I. Materielles Strafrecht - Allgemeiner Teil


Entscheidung

530. BGH 4 StR 136/08 - Beschluss vom 22. April 2008 (LG Magdeburg)

Ausschluss des Ausschlusses einer Aufhebung der Steuerungsfähigkeit bei der Tat (krankhafter psychiatrischer Zustand; Schizophrenie); rechtfehlerhafte Verneinung der Anordnung in einem psychiatrischen Krankenhaus.

§ 21 StGB; § 63 StGB

Der Schluss auf eine bei der Tatbegehung noch erhaltene Steuerungsfähigkeit lässt sich nicht ohne Weiteres daraus herleiten, dass eine Angeklagte in allen anderen Fällen ihre zerstörerischen Ideen (hier: gehörte Stimmen, die zu Taten Anlass geben) beherrscht habe. Dies gilt besonders, wenn es bereits an einer nachvollziehbaren Darlegung der äußeren und inneren Umstände jener „anderen Fälle“ fehlt.

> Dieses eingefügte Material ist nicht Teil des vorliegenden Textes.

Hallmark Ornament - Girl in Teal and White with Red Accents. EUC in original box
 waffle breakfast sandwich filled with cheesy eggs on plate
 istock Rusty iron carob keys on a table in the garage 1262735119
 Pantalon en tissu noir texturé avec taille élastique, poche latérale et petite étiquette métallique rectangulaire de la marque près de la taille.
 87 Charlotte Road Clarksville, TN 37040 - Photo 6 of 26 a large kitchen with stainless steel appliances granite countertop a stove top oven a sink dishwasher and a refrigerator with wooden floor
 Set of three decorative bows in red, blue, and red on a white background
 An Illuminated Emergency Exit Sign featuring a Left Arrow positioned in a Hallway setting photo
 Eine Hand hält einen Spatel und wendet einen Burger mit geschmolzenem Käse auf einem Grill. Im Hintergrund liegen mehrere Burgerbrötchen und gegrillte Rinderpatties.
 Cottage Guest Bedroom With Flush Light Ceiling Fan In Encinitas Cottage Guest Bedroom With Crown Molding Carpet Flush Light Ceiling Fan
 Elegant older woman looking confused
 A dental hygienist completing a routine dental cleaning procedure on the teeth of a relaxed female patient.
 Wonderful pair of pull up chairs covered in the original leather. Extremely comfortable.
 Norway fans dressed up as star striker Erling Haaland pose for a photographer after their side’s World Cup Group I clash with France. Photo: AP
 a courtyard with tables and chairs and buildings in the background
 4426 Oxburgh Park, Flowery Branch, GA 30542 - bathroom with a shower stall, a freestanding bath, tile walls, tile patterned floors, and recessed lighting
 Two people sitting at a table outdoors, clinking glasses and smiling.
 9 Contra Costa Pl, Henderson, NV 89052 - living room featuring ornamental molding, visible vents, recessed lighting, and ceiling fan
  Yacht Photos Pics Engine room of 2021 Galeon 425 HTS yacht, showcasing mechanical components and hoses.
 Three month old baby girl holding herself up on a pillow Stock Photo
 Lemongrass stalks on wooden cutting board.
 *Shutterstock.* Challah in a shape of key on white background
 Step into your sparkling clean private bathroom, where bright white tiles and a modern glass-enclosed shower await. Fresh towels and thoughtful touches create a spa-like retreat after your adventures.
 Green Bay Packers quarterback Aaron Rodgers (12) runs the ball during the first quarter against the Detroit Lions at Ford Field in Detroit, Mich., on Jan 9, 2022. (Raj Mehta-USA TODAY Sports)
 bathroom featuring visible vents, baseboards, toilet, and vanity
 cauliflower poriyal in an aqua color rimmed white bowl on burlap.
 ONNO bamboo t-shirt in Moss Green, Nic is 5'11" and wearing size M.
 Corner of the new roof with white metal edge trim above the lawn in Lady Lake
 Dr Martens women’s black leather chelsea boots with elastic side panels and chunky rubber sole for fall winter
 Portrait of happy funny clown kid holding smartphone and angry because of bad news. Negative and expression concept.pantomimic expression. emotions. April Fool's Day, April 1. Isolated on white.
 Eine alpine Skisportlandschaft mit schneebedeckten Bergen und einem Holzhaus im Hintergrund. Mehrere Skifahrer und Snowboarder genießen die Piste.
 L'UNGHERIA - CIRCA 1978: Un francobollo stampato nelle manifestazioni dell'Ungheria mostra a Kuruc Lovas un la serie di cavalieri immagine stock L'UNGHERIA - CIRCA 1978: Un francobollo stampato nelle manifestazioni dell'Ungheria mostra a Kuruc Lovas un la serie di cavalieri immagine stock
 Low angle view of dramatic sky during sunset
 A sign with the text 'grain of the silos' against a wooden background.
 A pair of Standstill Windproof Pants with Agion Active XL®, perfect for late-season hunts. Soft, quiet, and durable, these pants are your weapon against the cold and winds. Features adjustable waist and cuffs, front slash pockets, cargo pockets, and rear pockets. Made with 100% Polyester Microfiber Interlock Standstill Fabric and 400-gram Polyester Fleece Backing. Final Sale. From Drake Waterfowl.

Zudem könnte gerade der Umstand, dass sich die Angeklagte in anderen vergleichbaren Situationen zu beherrschen vermochte, dafür sprechen, dass sie bei den hier abgeurteilten Taten ihren „Stimmen“ gerade nicht widerstehen konnte. Über diese Frage ist nach dem Zweifelsgrundsatz zu entscheiden.

II. Materielles Strafrecht – Besonderer Teil


Entscheidung

534. BGH 4 StR 634/07 - Beschluss vom 17. April 2008 (LG Stralsund)

In der Regel keine Verwendung eines gefährlichen Werkzeugs beim Abschneiden von Haaren („Dreadlockfall“).

§ 224 Abs. 1 Nr. 2 StGB

Ein Gegenstand ist nur dann ein gefährliches Werkzeug im Sinne des § 224 Abs. 1 Nr. 2 StGB, wenn er nach seiner objektiven Beschaffenheit und nach der Art seiner Benutzung im Einzelfall geeignet ist, erhebliche Körperverletzungen zuzufügen (st. Rspr., vgl. nur BGH NStZ 2007, 95 m.w.N.). Wird ein Messer oder eine Schwere zum Haarabschneiden benutzt, liegt darin in der Regel keine Verwendung eines gefährlichen Werkzeugs.


Entscheidung

531. BGH 4 StR 148/08 - Beschluss vom 29. April 2008 (LG Bochum)

Begünstigung (Erfassung nur unmittelbarer Vorteile aus der Tat; Zurverfügungstellung eines E-Bay-

Accounts; Subsidiaritätsklausel); Hehlerei; Diebstahl; Bestimmung der Konkurrenzen beim Gehilfen nach dessen Handlungen.

§ 257 StGB; § 259 StGB; § 242 StGB; § 27 StGB; § 52 StGB

1. Die Begünstigung ist nach ständiger Rechtsprechung nur strafbar, soweit dem Vortäter dadurch die unmittelbaren Vorteile der Tat gesichert werden sollen, die er zur Zeit der Begünstigungshandlung noch innehaben muss (BGHSt 24, 166 f; 36, 277, 281; BGH NStZ 1987, 22). Um „die“ Vorteile der Tat handelt es sich nicht mehr, wenn dem Vortäter sich erst aus der Verwertung der Tatvorteile ergebende wirtschaftliche Werte zugewendet oder gesichert werden sollen (BGH NStZ aaO). Danach ist der Erlös aus einem Verkauf des Erlangten kein unmittelbarer Vorteil mehr, der Gegenstand der Begünstigung im Sinne des § 257 Abs. 1 StGB sein kann.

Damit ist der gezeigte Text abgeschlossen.